RATAS – Kementerian Keuangan (Kemenkeu) mengabarkan, utang Indonesia hingga akhir Juni 2025 tercatat sebesar Rp 9.138,05 triliun.
Angka tersebut mengalami penurunan jika dibandingkan dengan posisi utang pada Mei 2025 yang mencapai Rp 9.177,48 triliun.
Direktur Jenderal Pengelolaan Pembiayaan dan Risiko Kemenk Suminto menjelaskan, nominal utang tersebut setara dengan 39,86 persen terhadap produk domestik bruto (PDB).
“Jadi per akhir Juni 2025 adalah 39,86 persen debt to GDP ratio-nya satu level yang cukup rendah, cukup moderate dibandingkan banyak negara,” kata Suminto di Bogor, Jawa Barat, Jumat (10/10).
Suminto mengatakan, rasio utang terhadap PDB tersebut berada dalam batas aman, jauh di bawah batas maksimum 60 persen PDB sesuai amanat UU Nomor 17 Tahun 2003 tentang Keuangan Negara.
Menurut Suminto, posisi utang Indonesia lebih rendah dibandingkan sejumlah negara lain seperti Malaysia (61,9 persen), Filipina (62 persen), Thailand (62,8 persen), dan India (84,3 persen).
“Kita betul-betul melakukan utang secara hati-hati, secara terukur dan dalam batas kemampuan,” kata Suminto.

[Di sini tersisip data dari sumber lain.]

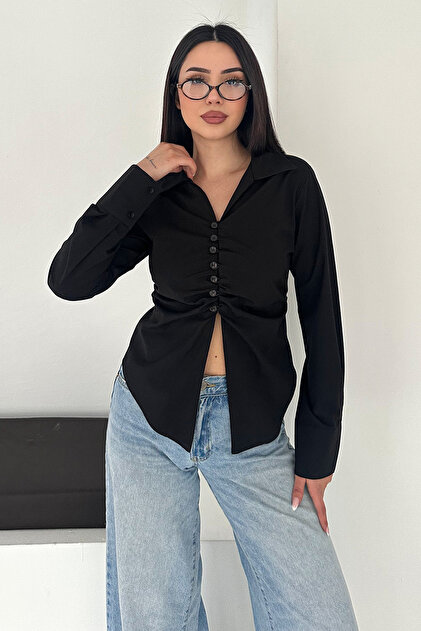 Ruched Detail Button Shirt – Blue Charm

Total utang per akhir Juni 2025 yang sebesar Rp 9.138,05 triliun tersebut terdiri dari pinjaman senilai Rp 1.157,18 triliun.
Adapun yang terbesar dari pinjaman luar negeri mencapai Rp 1.108,17 triliun sementara pinjaman dari dalam negeri sebesar Rp 49,01 triliun.
Kemudian Surat Berharga Negara (SBN) senilai Rp 7.980,87 triliun. Penerbitan SBN berdenominasi rupiah mendominasi dengan nilai Rp 6.484,12 triliun, sedangkan SBN berdenominasi valuta asing sebesar Rp 1.496,75 triliun.
Suminto juga mengumumkan perubahan kebijakan terkait penerbitan data utang pemerintah ke publik.
Pemerintah akan merilis data utang per kuartal tidak lagi bulanan. Keputusan ini diambil untuk meningkatkan kredibilitas statistik.
Alasannya, rilis data per kuartal akan disesuaikan dengan ukuran PDB nasional yang juga dirilis Badan Pusat Statistik (BPS) setiap kuartal.
“Supaya statistiknya lebih kredibel, agar rasio itu tidak berdasarkan asumsi, tapi berdasarkan realisasi nanti debt to GDP ratio setiap 3 bulan,” pungkas Suminto.